Jonathan Ross

Personal information
- Nationality: Northern Irish
- Born: 28 December 1973 (age 52)

Sport
- Club: (indoor) West of Scotland (outdoor) Priorscroft

Medal record
Representing Ireland
World Outdoor Championships
| Gold medal – first place | 2004 Ayr | Men's fours |
| Bronze medal – third place | 2004 Ayr | Men's team |

= Jonny Ross =

Northern Irish bowler (born 1973)

Jonathan Stewart Ross is a Northern Irish bowler who was born in Lisburn. He now represents Scotland after moving there.

==Bowls career==
He was part of the winning Irish Fours team in the 2004 World Bowls Championships held in Ayr, Scotland with Jim Baker, Neil Booth and Noel Graham.

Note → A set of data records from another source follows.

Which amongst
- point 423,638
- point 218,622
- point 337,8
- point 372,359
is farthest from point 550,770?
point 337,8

He also won the British Isles Singles titles in 2001 and 2002 and was the first Irish player to win the Scottish outdoors singles title.

Jonathan partnered Noel Graham to win the prestigious Hong Kong International Bowls Classic pairs title on a record equalling three occasions.

In 2006, he represented Northern Ireland at the Commonwealth Games in Melbourne, Australia.

He won the 2010 singles title at the Scottish National Bowls Championships bowling for the Priorscroft Bowls Club.